Pedestres x donos de carro de alto padrão
Pobres x ricos
Jovens x velhos

O Brasil, que gostamos de imaginar já ter entrado no século 21, ainda sofre esse tipo de mazela em intensidade africana. Muitos brasileiros, com notável concentração entre os que têm simpatia pela extrema direita, sofrem de aversão a pobre. Consideram-se superiores a essa “gentinha”. Quando um pobre ousa encostar a mão no “MEU” automóvel – que é prolongamento de “MEU” próprio corpo – a explosão de cólera é inevitável. Pode conduzir à violência e até ao homicídio, como prova o caso de Santos.

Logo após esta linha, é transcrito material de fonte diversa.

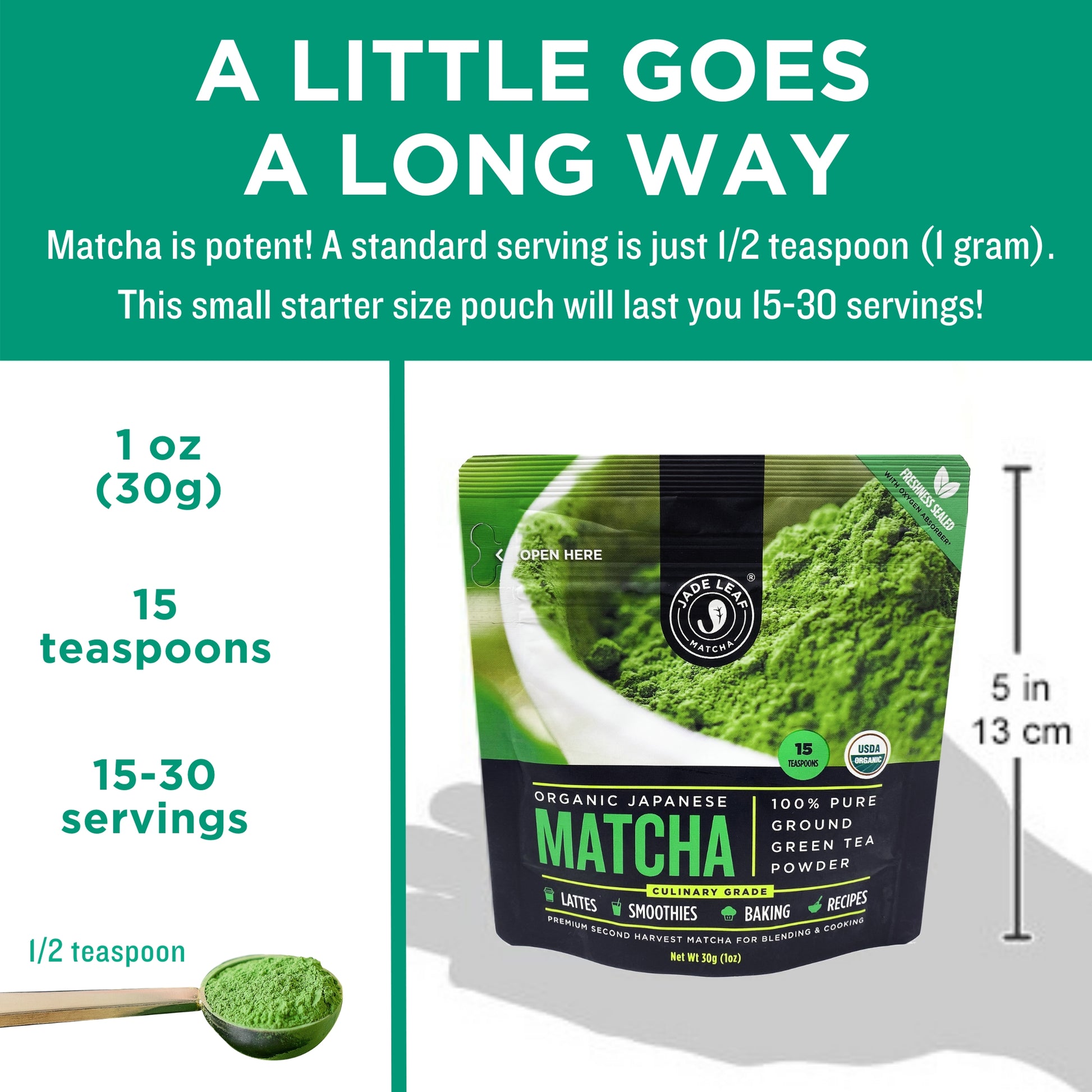 Jade Leaf Matcha Organic Culinary Grade Matcha Green Tea Powder - Premium  Second Harvest - Authentic Japanese Origin (3.53 Ounce Pouch)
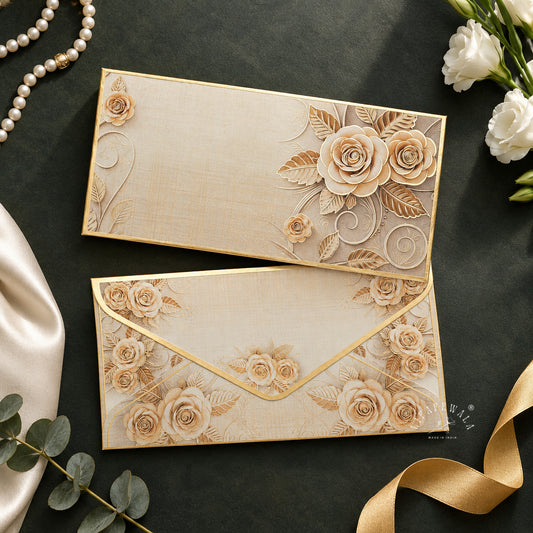 Ivory Rose Bouquet premium shagun envelope by LIFAFEWALA – styled flat lay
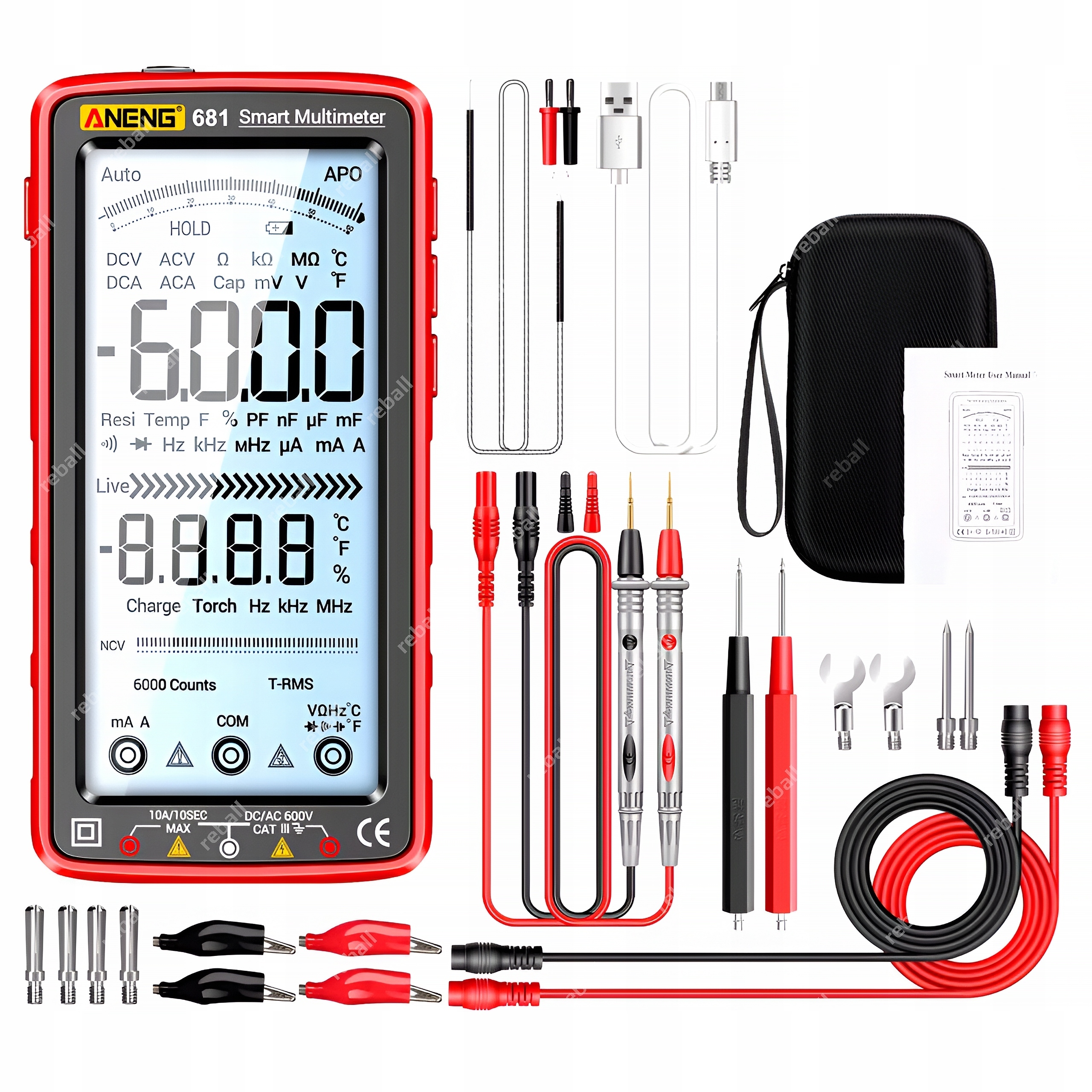 Digitálny Multimetr, Automatický Merač Napätia Aneng 681A Pro Max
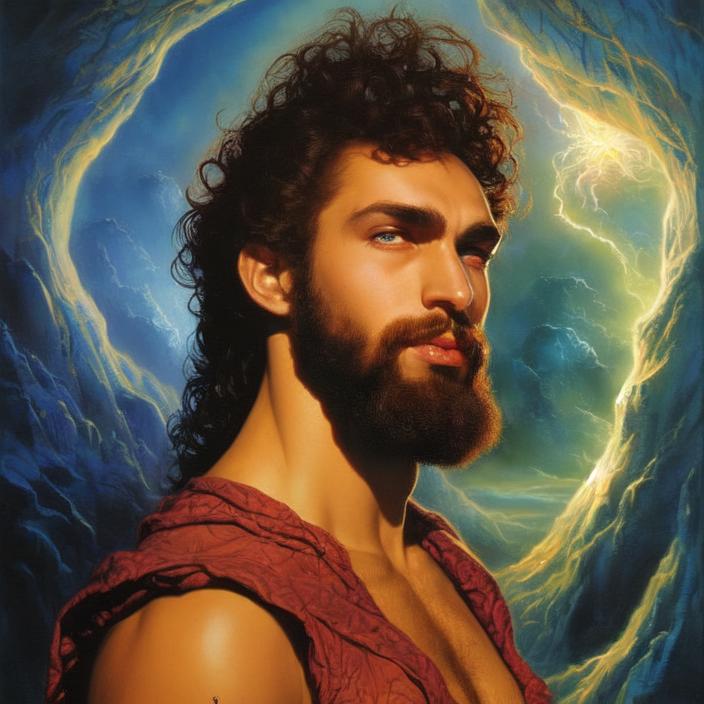 Artificial Intelligence (AI) generated image art, person as fantasy wizard, man, art by Boris Vallejo, art by Julie Bell, illustration, 80s fantasy art, portrait, landscape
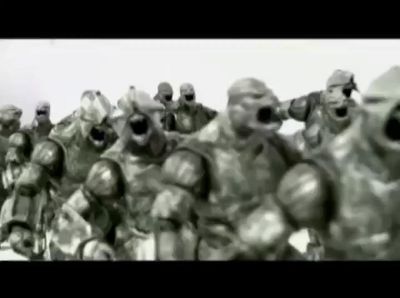 a large group of people dressed in metal gear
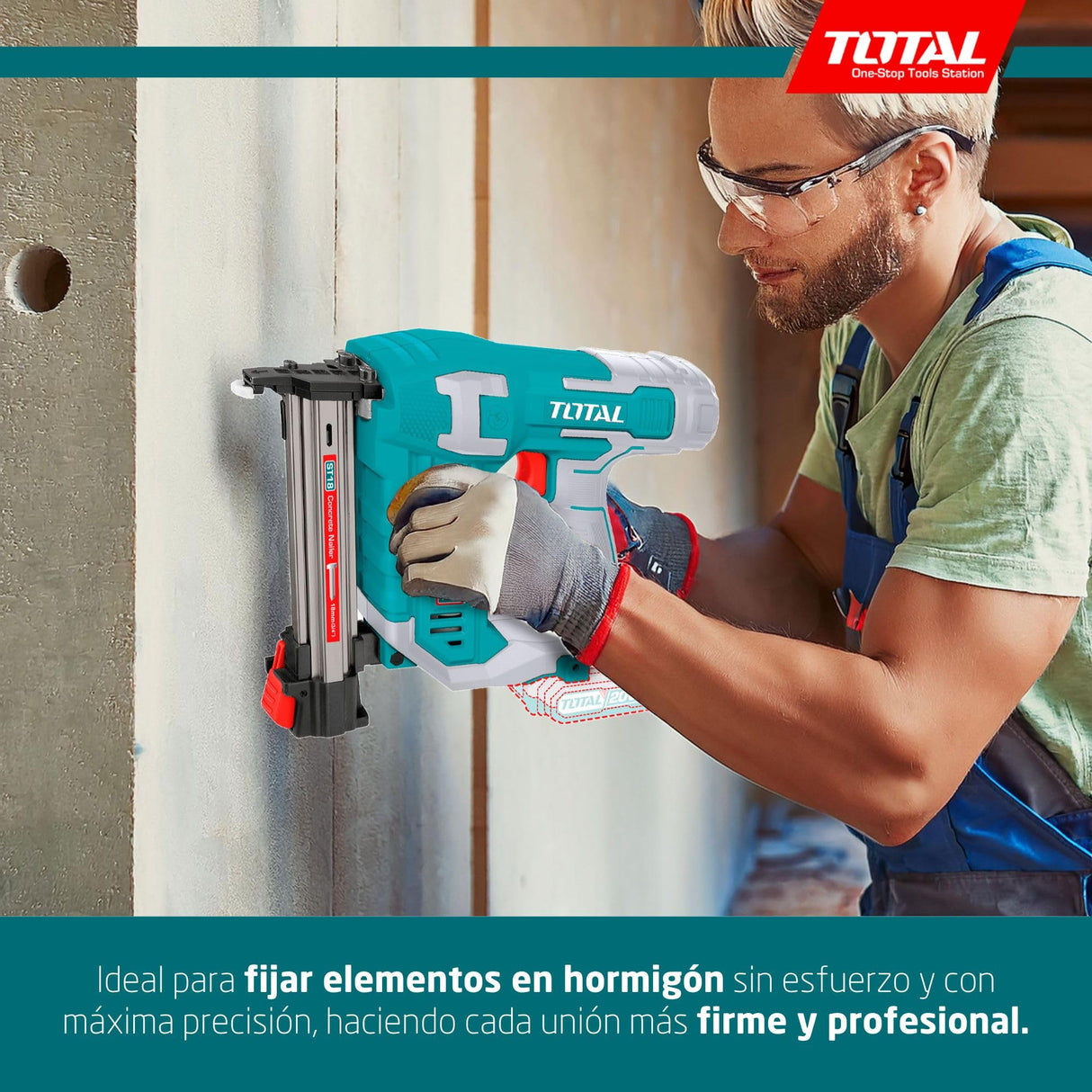 TOTAL - Clavadora a Batería 20V para Hormigón | 2 Clavos| Compatible ST18 | Cargador 65 Clavos | Modelo TCSTLI3805 | Herramienta Eléctrica con Maletín y Clavos Incluidos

Esse mesmo valentão, que se atreveu a matar um ser humano com as próprias mãos (mais adequadamente, com os próprios pés calçados), voltou ao local da voadora dias após o crime. Foi trazido pela polícia para uma reconstituição. Lá pelas tantas, resolveu mostrar seu talento cênico. Ensaiou um choro convulso, ajoelhou-se no cimento, levantou os braços ao céu como quem pede bênção, e implorou por perdão diante da pequena multidão que o apupava e que clamava por justiça.

Ainda não se sabe quando será julgado. Por minha parte, torço para que pegue uma pena bem longa, que lhe dê o tempo necessário para refletir e baixar a crista. Se sair um dia da cadeia compenetrado de que é um ser humano igual aos outros, nem pior nem melhor, o encarceramento já terá sido útil.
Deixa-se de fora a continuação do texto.